Woman cheated out of $75K after meeting the ‘perfect guy’ online
BALTIMORE, Md. — They are feelings many people can relate to — wanting to meet someone, but not knowing the best way to go about it. Tired of being alone, a Maryland woman decided she would give online dating a try. At the start of summer, she met an older man on Tinder, who claimed to live in Baltimore.
They started chatting.
She learned he was in Paris working as an interior decorator. Over the course of several weeks, they spent hours texting, chatting on the phone, even video chatting. He was the same man she saw in the photos on the dating app. Tomas Haysbert sent flowers to her office, even a ring from an online jeweler.
“He’s a perfect guy. He says the right things. It made me feel good,” she said.
The woman didn’t want to be identified because she said she doesn’t want friends and family members to discover that this perfect man on the dating app would deceive her into sending more $75,000.
“This is stupid. I’m not dumb, but you know, it can happen to anyone — believe me,” she said.
Haysbert told the woman that he was having problems at work. He’d run out of funds to finish a project and needed her to accept a package containing $400,000, documents, and jewelry that he kept with a security company in China for emergencies.
A company called “Speed Logistics” emailed the woman requesting $4,800 to ship the package. Later she received another email from Mary Sudeikis with Speed Logistics stating they would need $16,300 for a diplomatic pouch to clear customs. The package was shipped from Hong Kong to the United Kingdom.
Then another email: “We had to do full disclosure due to the new BREXIT laws in the United Kingdom. A tax of $52,670.00 has been imposed on your shipment.”
She paid an additional $500 in late fees and was contacted once more when the package was held up in Mexico.
“They were saying because they had to pay for the [border] wall, whatever, then we needed to pay $152,000 and I said, ‘that’s it. I don’t have any more money,'” the woman said.
Looking back, she said she doesn’t think there ever was a package.
She lost close to $75,000. FBI Special Agent Keith Custer said that’s around an average loss for romance scam victims.
“People are losing that amount every day,” said Custer.
He added that these crimes are underreported, hard to prosecute, and happen all too frequently.
“We have information that they’re almost sweatshops overseas, often in Nigeria, where someone kind of has a game plan or script and they have a number of people underneath them working off this script,” said Custer.
The likelihood of someone getting money back is very slim.
“Twenty-four hours after it’s left the account, if we don’t have it, it’s usually not coming back,” said Custer.
You may think you’d never fall for it, or even judge people who do, but the crime is more elaborate, and the harm is more than monetary.

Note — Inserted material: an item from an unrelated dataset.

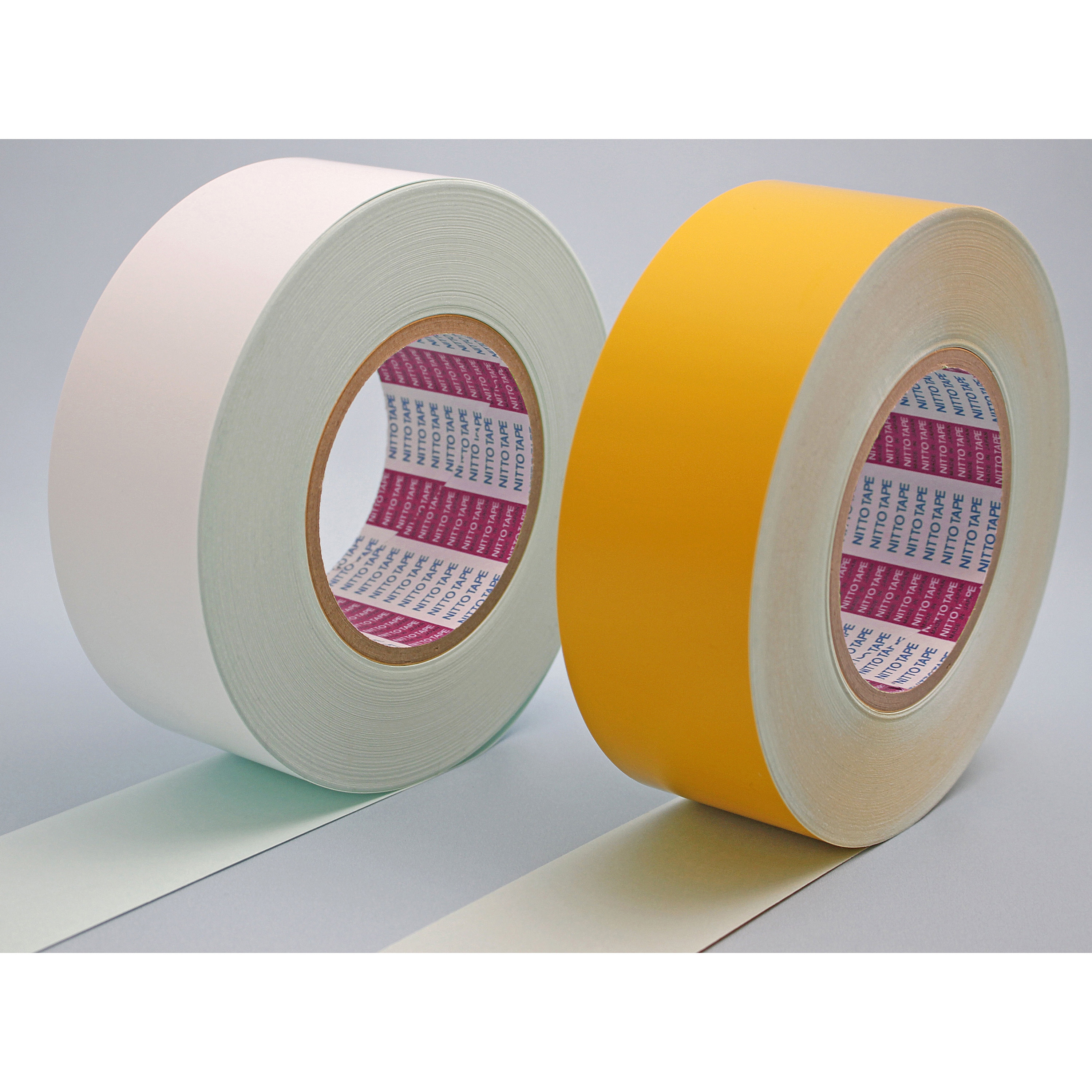 ニトムズ ラインテープ 耐久ラインテープDLT-NEO75x50白 Y6067 [I270303] ニトムズ 耐久ラインテープＤＬＴ－ＮＥＯ７５ｘ５０白／緑 Y6074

“You know, to trust somebody, it’s going to be very hard. I think it’s better to be alone than to find somebody on the internet,” the woman said.
According to Custer, there’s a $100,000 threshold for the FBI to open a dedicated investigation. Regardless, victims should still file a report. If investigators see a pattern, they may start building a case.
Odds are, if you fallen victim to this scam, you become the target of others. The FBI says it’s important to stay vigilant and take these steps if you expect you’re being targeted by a scammer:
- Research the person’s photo and profile using online searches to see if the material has been used elsewhere.
- Go slow and ask lots of questions.
- Beware if the individual seems too perfect or quickly asks you to leave a dating service or Facebook to go “offline.”
- Beware if the individual attempts to isolate you from friends and family or requests inappropriate photos or financial information that could later be used to extort you.
- Beware if the individual promises to meet in person but then always comes up with an excuse why he or she can’t. If you haven’t met the person after a few months, for whatever reason, you have good reason to be suspicious.
- Never send money to anyone you don’t know personally.